González señala una función del recordatorio, la de invocar la incapacidad de devolver la vida en un terreno que llama “de deseo metafórico”. Se refiere a las efemérides, al homenaje comunitario y a las instituciones que abordan el recordatorio desde el punto de vista del “como si no hubiera ocurrido” o “si él aún existiera, no hubiera ocurrido”, recurriendo a recursos retóricos tales como los tópicos “Nos iluminan desde la eternidad” o “Están más vivos que nunca”. El deseo de presencia convive allí con la evidencia de irrealidad, pues “es la presencia de un ausente, pero revela hasta qué punto la muerte es una supresión y al mismo tiempo una negación de lo que fue cancelado”. Situándolos en un mismo nivel sintagmático, la simultaneidad de los términos “supresión” y “negación de lo cancelado” permite una denegación que hace de la muerte una categoría estética de lo incesante. La muerte no es una repetición freudiana, sino un deslizamiento metonímico en la simultaneidad.
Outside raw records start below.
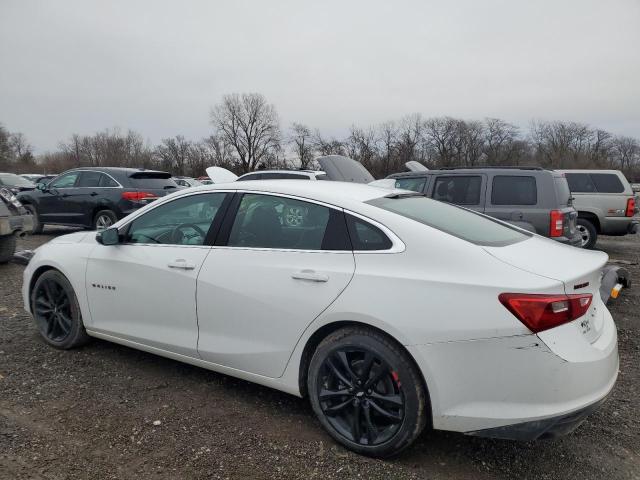  CHEVROLET MALIBU 2018 Biały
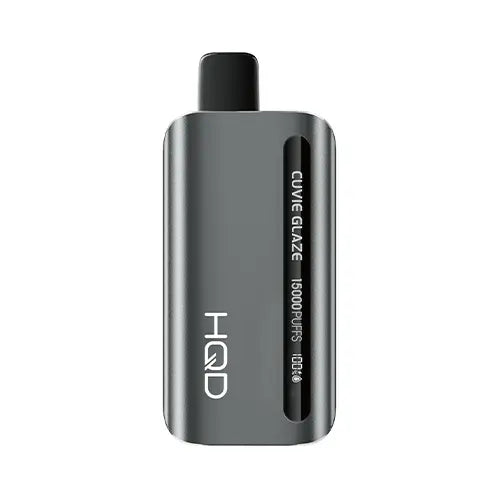 HQD Glaze 15000 Puffs Disposable Vape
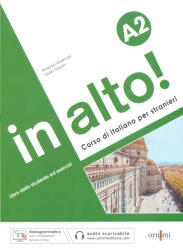 in alto! A2 + CD audio + videogrammatica animata (2021)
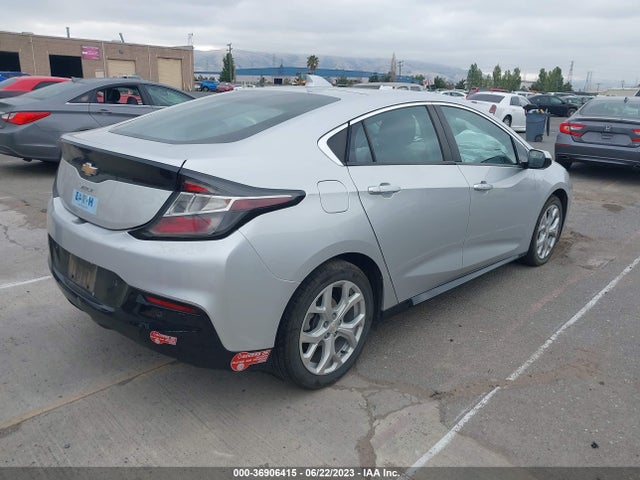 Chevrolet Volt Premier 2017 1G1RD6S57HU187595 Image 5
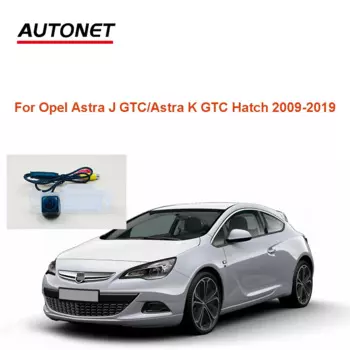 Камера заднего вида AHD720P для Opel Astra J GTCAstra K GTC Hatchback 2009-2019, камера номерного знака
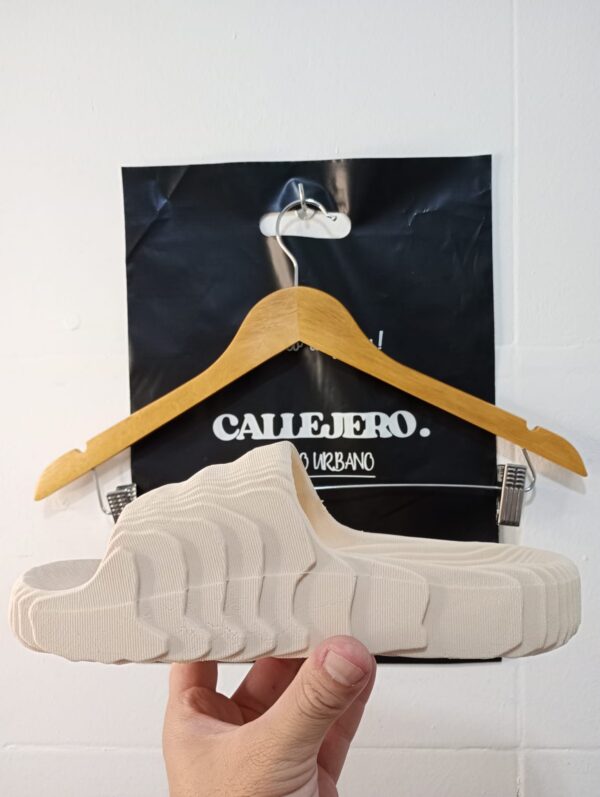 Ojota Adilette Beige - Image 3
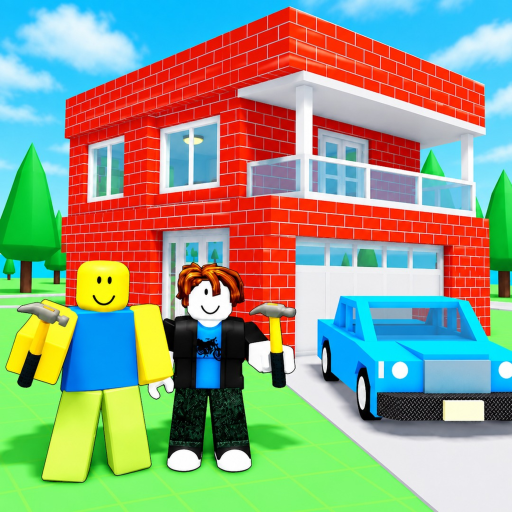 Icon von Build with Friends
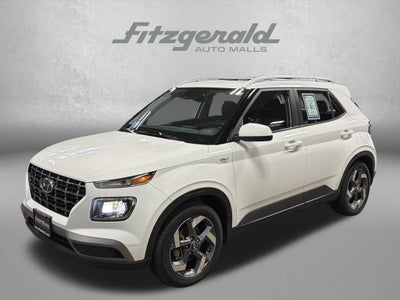 2024 Hyundai Venue SEL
A esta colusión entre un plural que proviene de sujetos de enunciación que pertenecen a campos opuestos y una simultaneidad que resulta de la nivelación de conceptos que pertenecen a planos de teorización diferente, se debe una cierta confusión teórica, que genera como efecto una dificultad para pensar políticamente el problema. Esta dificultad puede producir confusiones que llevan a conclusiones aberrantes, incluso ajenas a nuestros propias ideas. Por ejemplo, Casullo afirma en su artículo que uno de los efectos fatales del Proceso sería la descomposición comunitaria, agregando que se trataría de “restos sin señas, es muerte de la muerte, aniquilamiento de lo aniquilado, asesinato del cadáver”. Es decir, se borran las huellas, pero las huellas retornan. Pero es difícil concordar con la conclusión de Casullo: “Es comunidad indescriptible, indescifrable, en eso tiene razón Videla”. ¿Cuál comunidad? ¿En qué momento? Dicho así, se trata otra vez del retorno de un plural que, bajo la forma del concepto de comunidad, se deshistoriza y, por lo tanto, se generaliza a lo largo de una argumentación que pierde su valor específico –es decir, la diferencia. Como diría Quentin Compson, este trabajo, como tantos otros, fue escrito para que se sepa... Para que se sepa, incluido el sonido y la furia que hay en el derecho a la muerte escrita.